Хотя Хемингуэй всегда мог постоять за себя, романтизм его прозы, конечно же, связан с его энергией в журналистике. Подозрительный по отношению к критикам, чья литературная чувствительность для него была эквивалентна смеси «счетчика Гейгера и пинбола», Эрнест однажды сказал своему другу Хотчнеру: «Если профессора действительно хотят знать, что я приобрел за время пребывания в «Стар», вот то, что я там узнал: как протрезвить пьянчугу»[10]. За пределами этой формулы Хемингуэй всегда говорил, хоть большая часть его творчества и навеяна биографическим вдохновением, что не существовало никакой связи между его жизнью и его книгами.
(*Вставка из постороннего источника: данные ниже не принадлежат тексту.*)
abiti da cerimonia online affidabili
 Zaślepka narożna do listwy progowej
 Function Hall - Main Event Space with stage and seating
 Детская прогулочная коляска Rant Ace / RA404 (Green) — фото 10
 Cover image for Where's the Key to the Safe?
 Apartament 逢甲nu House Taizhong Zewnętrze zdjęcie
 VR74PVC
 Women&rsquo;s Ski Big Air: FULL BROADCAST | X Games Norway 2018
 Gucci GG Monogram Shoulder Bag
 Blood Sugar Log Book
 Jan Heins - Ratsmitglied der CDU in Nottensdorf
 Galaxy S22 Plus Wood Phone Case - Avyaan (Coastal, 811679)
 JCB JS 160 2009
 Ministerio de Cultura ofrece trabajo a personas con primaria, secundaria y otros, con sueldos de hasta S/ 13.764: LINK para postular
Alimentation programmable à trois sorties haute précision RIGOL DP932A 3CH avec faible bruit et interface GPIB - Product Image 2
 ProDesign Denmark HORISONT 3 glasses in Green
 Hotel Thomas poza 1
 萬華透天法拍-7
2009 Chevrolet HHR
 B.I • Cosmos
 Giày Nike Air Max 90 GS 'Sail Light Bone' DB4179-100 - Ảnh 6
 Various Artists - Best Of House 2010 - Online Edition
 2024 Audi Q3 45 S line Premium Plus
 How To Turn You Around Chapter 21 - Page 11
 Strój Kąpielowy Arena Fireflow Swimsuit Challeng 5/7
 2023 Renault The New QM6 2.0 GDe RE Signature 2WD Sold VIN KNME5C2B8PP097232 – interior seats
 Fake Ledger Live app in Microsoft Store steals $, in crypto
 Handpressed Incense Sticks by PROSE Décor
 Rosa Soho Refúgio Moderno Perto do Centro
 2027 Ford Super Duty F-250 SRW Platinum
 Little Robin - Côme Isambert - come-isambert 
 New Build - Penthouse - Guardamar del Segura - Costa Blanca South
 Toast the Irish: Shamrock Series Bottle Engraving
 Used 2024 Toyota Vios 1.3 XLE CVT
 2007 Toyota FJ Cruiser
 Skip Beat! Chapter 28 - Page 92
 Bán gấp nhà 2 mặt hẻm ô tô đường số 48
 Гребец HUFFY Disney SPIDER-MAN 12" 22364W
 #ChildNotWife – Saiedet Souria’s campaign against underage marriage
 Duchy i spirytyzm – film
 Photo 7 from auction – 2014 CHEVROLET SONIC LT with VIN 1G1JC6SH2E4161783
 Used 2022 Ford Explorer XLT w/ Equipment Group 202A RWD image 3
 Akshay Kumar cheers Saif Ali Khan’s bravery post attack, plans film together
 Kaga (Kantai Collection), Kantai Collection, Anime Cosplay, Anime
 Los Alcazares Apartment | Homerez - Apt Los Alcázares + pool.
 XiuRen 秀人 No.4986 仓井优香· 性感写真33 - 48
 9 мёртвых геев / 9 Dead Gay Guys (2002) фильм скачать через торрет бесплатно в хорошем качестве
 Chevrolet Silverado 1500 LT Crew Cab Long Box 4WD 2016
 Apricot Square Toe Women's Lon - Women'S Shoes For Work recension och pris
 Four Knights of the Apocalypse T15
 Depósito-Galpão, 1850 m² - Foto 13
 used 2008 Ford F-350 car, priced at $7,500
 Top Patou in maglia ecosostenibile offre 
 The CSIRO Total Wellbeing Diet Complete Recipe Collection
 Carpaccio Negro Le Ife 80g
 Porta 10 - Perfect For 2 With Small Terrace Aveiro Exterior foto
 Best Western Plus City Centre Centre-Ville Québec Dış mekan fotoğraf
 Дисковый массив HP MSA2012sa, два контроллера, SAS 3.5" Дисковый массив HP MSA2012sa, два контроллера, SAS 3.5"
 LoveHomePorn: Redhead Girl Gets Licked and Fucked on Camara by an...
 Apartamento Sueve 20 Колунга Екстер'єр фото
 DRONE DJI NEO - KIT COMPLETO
Но в то время подобные вопросы еще не возникали, и для него наиболее важным было, наконец, начать жить за счет писательства.
Несмотря на беспокойную жизнь, которую Эрнест вел в Канзас-Сити, он начал скучать. Рутина редакции бледнела на фоне непреодолимой привлекательности доносившихся отзвуков конфликта в Европе. После отказа взять его в армию из-за проблем с левым глазом Эрнест стал искать способ, как бы ему оказаться на театре военных действий. В письме, написанном в апреле 1918 года, он заявил родителем, что не может «оставаться дольше» вне войны. Между тем Американский Красный Крест набирал работников «Скорой помощи» для итальянского фронта. Возможность была слишком хороша, и Хемингуэй обратился туда. Несмотря на волнение, он задавался вопросами. Как он поведет себя перед лицом опасности? Окажется ли он на высоте того представления, что он имел о самом себе? Будет ли ему страшно?